STOCKWATCH.ID (JAKARTA) –– Karut marut penyelenggaraan haji yang terjadi tahun lalu dan tahun ini menuai sorotan. Profesor Murniati Mukhlisin, penasehat Center for Sharia Economic Development, Institute for Development of Economics and Finance (CSED-INDEF), menegaskan pengelolaan haji ke depan tidak boleh lagi dilakukan setengah hati.
“Penyelenggaraan ibadah haji tahun depan, tahun 2026, tidak bisa lagi main-main, tidak bisa lagi bercanda. Pemerintah, apalagi sekarang sudah terbentuk Badan Penyelenggara Haji, harus benar-benar serius. Jika hal ini tetap dilakukan, dampaknya bisa-bisa kuota haji Indonesia akan dikurangi oleh Pemerintah Arab Saudi,” ujarnya.
Ia menilai penetapan kuota haji sepenuhnya bergantung pada kepiawaian pemerintah bernegosiasi dengan Arab Saudi. Pembatalan kuota haji Furoda bagi jemaah Indonesia dianggap sebagai salah satu kegagalan diplomasi.

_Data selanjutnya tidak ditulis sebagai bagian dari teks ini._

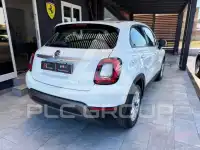 2019 Fiat 500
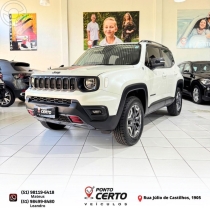 renegade trailhawk 2.0 2022 santa cruz do sul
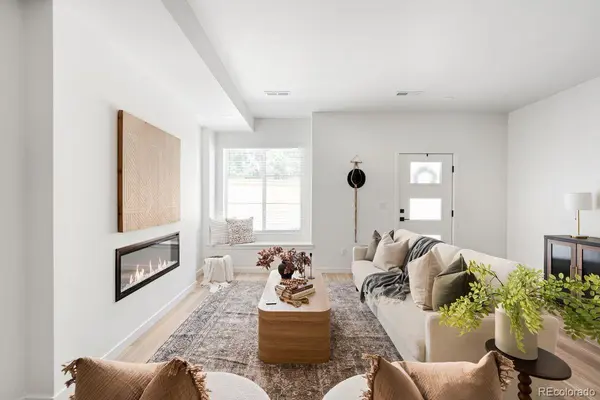 3901 Upham ST, Wheat Ridge, CO 80033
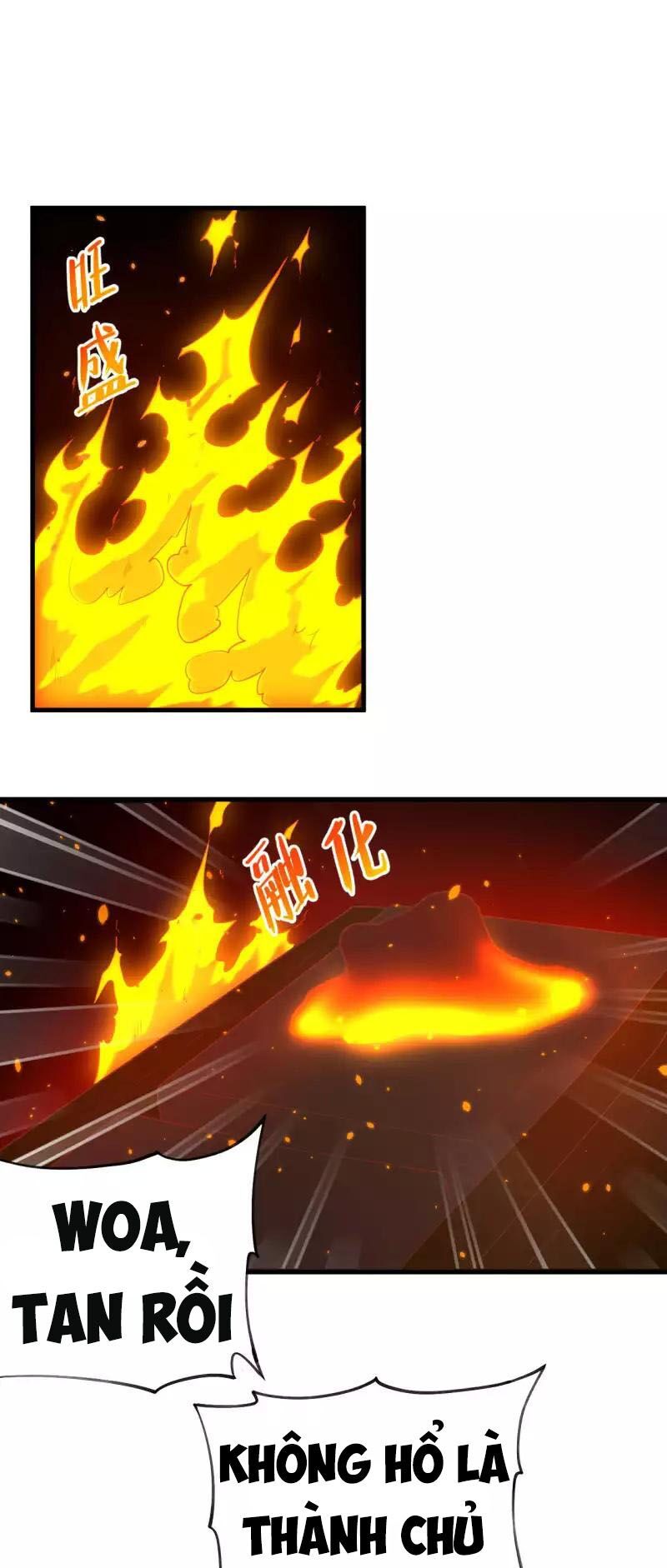 đọc truyện Từ Hôm Nay Bắt Đầu Làm Thành Chủ Chương 37 ảnh 40 tại Thiên Thai Truyện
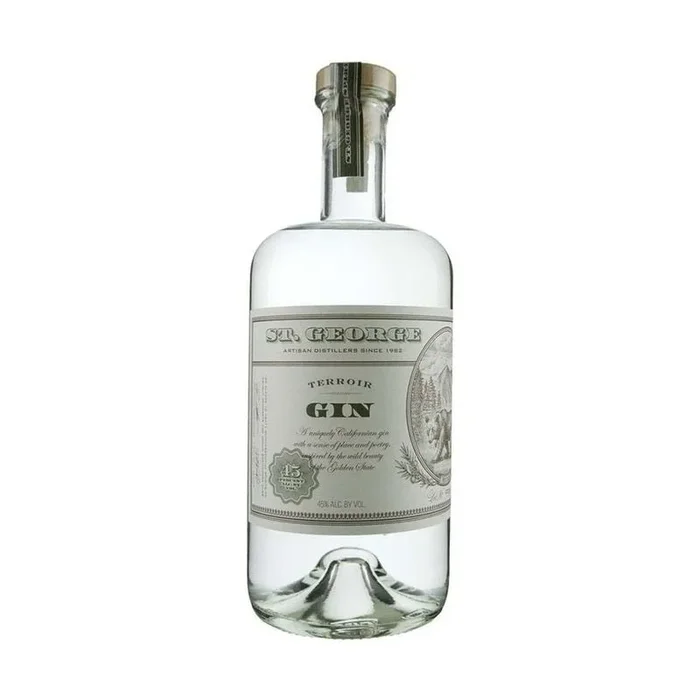 St. George Terroir Gin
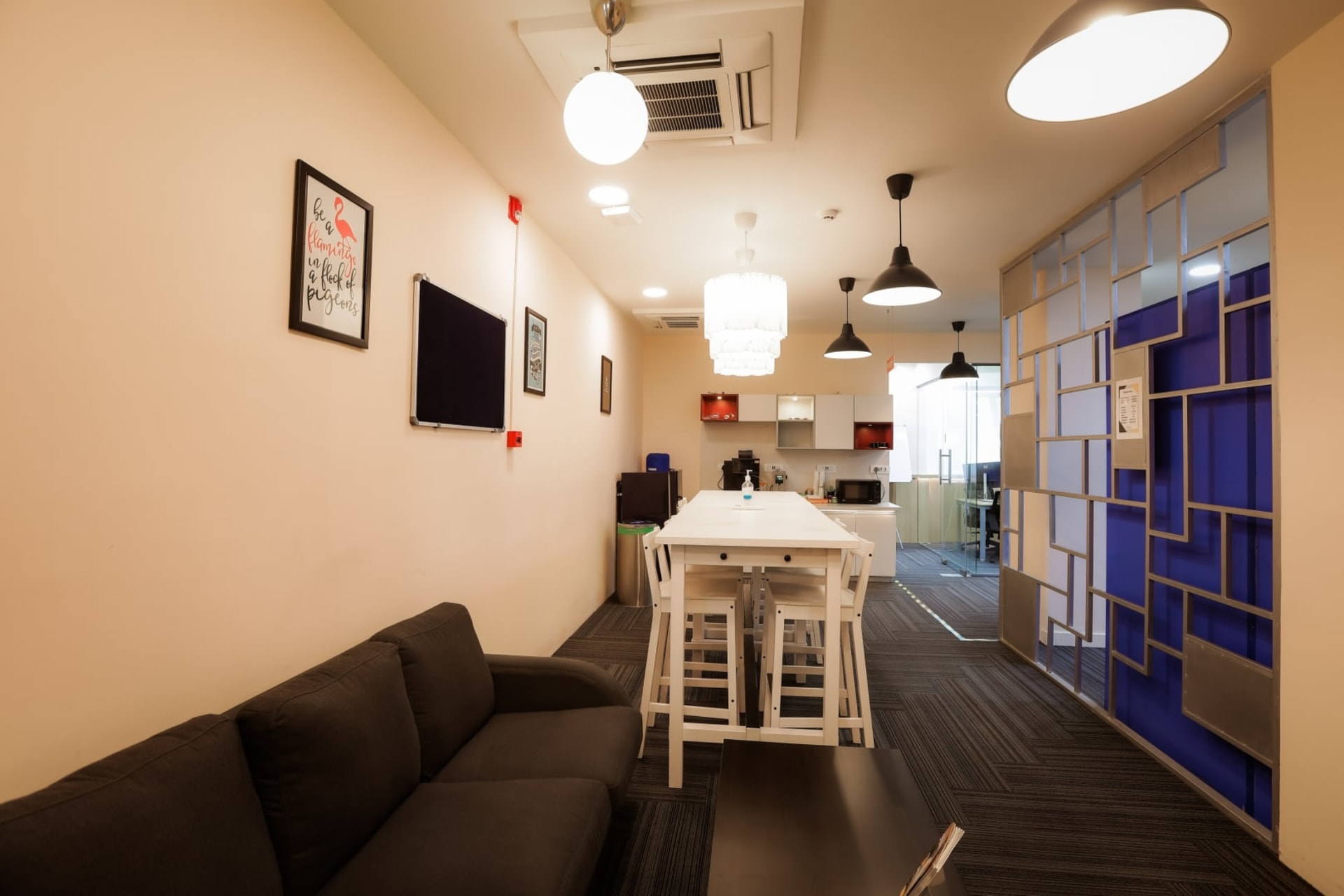 BHIVE - Bangalore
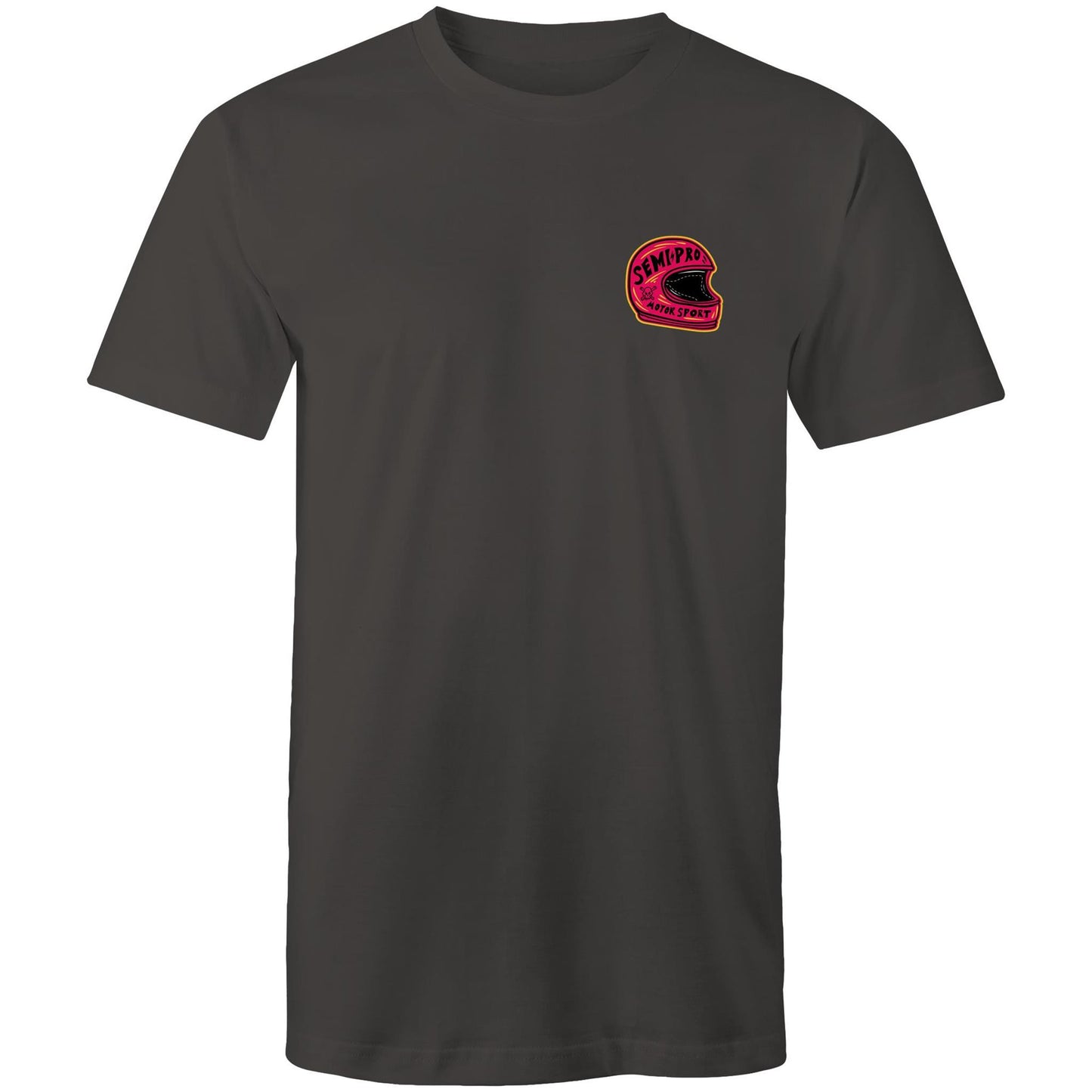 Semi-Pro Motorsport Founder T-Shirt 3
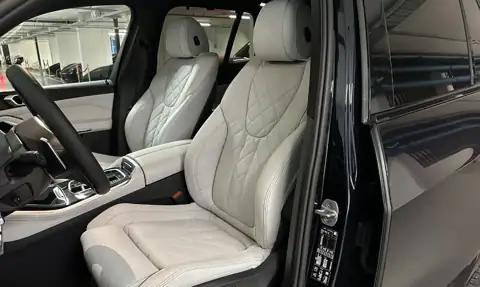 BMW X5 xDrive 30D — 17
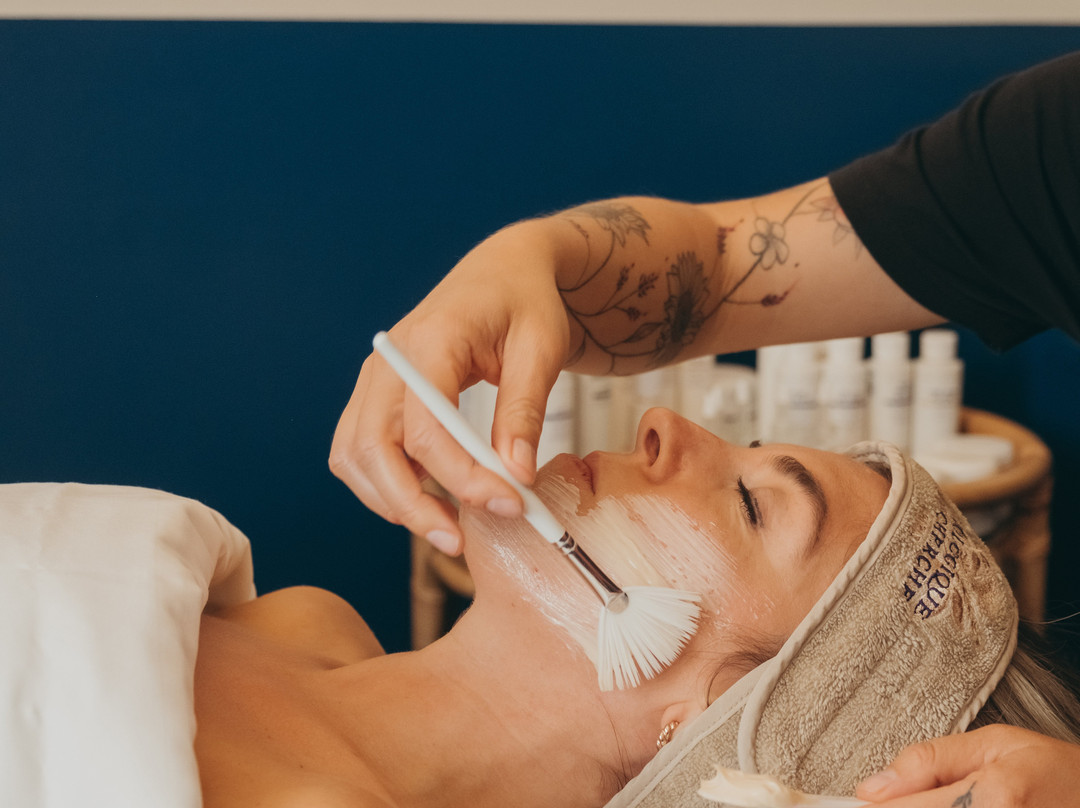 Spa By Biologique Recherche-韦比尔必去景点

“Kuncinya memang terletak pada kemampuan negosiasi, terutama untuk haji dan umrah-nya harus lebih kuat. Dengan adanya BP Haji, ada harapan besar bahwa tingkat negosiasi haji dan umrah akan menjadi lebih baik lagi,” katanya.
Selain kuota, Prof. Murniati juga menekankan pentingnya penguatan tata kelola dana haji dan umrah. Menurutnya, akuntabilitas publik perlu ditingkatkan karena dana ini menyangkut kepercayaan umat.
“Selama ini, informasi yang diberikan kepada publik bersifat terbatas dan teknokratik, sulit dipahami oleh masyarakat awam. Padahal dana haji bukan milik negara ataupun lembaga, melainkan milik jutaan rakyat Muslim yang mempercayakan pengelolaannya dengan penuh harap dan iman. Keterbukaan informasi menjadi pilar penting dalam membangun kepercayaan dan legitimasi,” ujarnya.
Dana haji dan umrah yang dikelola Indonesia dinilai punya potensi besar untuk mendukung pembangunan ekonomi umat. Namun, tantangan struktural dan kelembagaan masih menjadi penghambat. Untuk tahun 2025, dana yang dikelola Badan Pengelola Keuangan Haji (BPKH) tercatat mencapai Rp188,86 triliun.
Sekitar 4,2 juta pekerja sektor haji dan umrah, mulai dari travel, katering, logistik, hingga UMKM, sangat bergantung pada tata kelola dana ini. Sayangnya, investasi dana haji masih banyak ditempatkan pada sektor konservatif seperti deposito syariah dengan imbal hasil rendah. Di sisi lain, Indonesia menghadapi defisit pembiayaan operasional haji yang pada 2024 tercatat Rp7,5 triliun.
CSED-INDEF juga menyoroti lemahnya koordinasi antar lembaga karena tumpang tindih peran antara Kementerian Agama, BPKH, dan operator haji. Ketiadaan roadmap nasional haji dan umrah hingga 2045 dinilai membuat arah pengelolaan dana dan pelayanan haji tidak terintegrasi.
“Kami merekomendasikan agar pemerintah segera membentuk lembaga setingkat kementerian yang mengintegrasikan kebijakan regulasi, pelayanan, dan pengelolaan dana haji. Selain itu, investasi dana haji perlu diarahkan ke sektor riil yang berdampak tinggi, seperti real estat halal, rumah sakit syariah, dan energi bersih,” pungkasnya.